Cyrus Peikari's internal temperature rises as he attempts to find the perfect radiator for this Monster-Mod.
Editor's Note: This is Part 3 of a 4-Part series. Be sure to read Part 1, Part 2, and Part 4.

Choosing the Radiator

If the pump is the heart of our water-cooled system, then the radiator is the skin. In humans, our skin is responsible for dissipating heat. Skin has a large surface area, and sweat glands allow for evaporation cooling. When you run a mile, your skin becomes flushed and red. This is because your body shunts blood away from the internal organs and toward the skin, in order to carry more heat for dissipation. Conversely, when it's cold outside, your body shunts blood away from the skin in order to preserve heat, and you become pale.

The human body, and particularly the brain, is like your CPU: It becomes unstable when overheated. Heatstroke is a condition in which the body's core temperature rises too high. As a result, the internal thermoregulatory feedback system locks up. The body temperature might rise to 107 degrees Fahrenheit, when normal is 98.6 degrees. Disorientation, coma, and massive internal organ failure soon follow. The only remedy is fast cooling. In the emergency room, optimal cooling is done with a fan and sponge baths.

Like the radiator in your car, our system will use a mini-radiator to dissipate heat. As water is pumped through the CPU water block, it's heated. The hot water must shed this heat before returning to circulate again. This is where the radiator comes in.

A good radiator is made of aluminum (or, more expensively, copper) and has hundreds of fine radiating fins (see Figure 1). A good example is the Black Ice series from Hardware Labs. Look for a radiator with half-inch fittings to match our water block and tubing. Traditionally, you use an 80mm or 120mm case fan to cool the radiator fins.

Figure 1Figure 1 A Black Ice water-cooling radiator from Hardware Labs. A case fan blows air through the radiating fins to cool the water returning to the system.
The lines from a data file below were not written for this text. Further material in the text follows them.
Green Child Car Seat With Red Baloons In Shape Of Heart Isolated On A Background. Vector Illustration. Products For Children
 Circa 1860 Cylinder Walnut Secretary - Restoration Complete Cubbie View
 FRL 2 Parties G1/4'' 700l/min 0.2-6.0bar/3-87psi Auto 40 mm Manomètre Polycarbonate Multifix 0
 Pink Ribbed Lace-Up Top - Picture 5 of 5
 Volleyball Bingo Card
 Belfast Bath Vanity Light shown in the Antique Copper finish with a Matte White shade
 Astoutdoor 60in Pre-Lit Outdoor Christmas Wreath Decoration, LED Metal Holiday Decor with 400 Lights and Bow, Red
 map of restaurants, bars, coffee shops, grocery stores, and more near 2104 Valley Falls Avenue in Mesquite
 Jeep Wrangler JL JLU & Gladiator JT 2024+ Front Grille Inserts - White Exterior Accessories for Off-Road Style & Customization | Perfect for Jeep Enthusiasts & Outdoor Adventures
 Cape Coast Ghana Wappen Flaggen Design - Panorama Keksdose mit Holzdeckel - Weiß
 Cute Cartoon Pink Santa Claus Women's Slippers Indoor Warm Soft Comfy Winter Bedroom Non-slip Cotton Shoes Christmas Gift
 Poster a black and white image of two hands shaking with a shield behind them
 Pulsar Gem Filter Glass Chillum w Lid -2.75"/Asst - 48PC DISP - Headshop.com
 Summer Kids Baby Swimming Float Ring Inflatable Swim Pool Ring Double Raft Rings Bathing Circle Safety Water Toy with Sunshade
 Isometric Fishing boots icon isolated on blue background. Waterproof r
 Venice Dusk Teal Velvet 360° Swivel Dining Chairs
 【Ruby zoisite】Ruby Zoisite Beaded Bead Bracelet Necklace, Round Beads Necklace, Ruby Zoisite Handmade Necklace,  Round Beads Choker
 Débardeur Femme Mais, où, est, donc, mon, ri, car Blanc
Fan direction is important. It might seem best to position the radiator fan to blow the radiator-heated air out of the computer case. However, this is not true. Your rate-limiting step in cooling is how fast you can cool the water flowing past the fins. Remember that the ambient temperature inside your case is 5–10 degrees higher than the air-conditioned room outside it. You diminish your temperature gradient if you're blowing warm air (from inside the case) through the radiator fins. Thus, you need to position the fan to blow fresh room air into the case and through the radiator. As long as you have a second fan at the back of the case blowing the newly heated air out, your ambient case temperature won't rise by much. And your CPU will cool more efficiently.